Extract every line below, verbatim.

Data section |
↓
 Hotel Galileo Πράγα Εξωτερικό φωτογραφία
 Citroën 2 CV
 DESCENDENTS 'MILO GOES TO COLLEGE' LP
↑
Task output |
 Hotel Galileo Πράγα Εξωτερικό φωτογραφία
 Citroën 2 CV
 DESCENDENTS 'MILO GOES TO COLLEGE' LP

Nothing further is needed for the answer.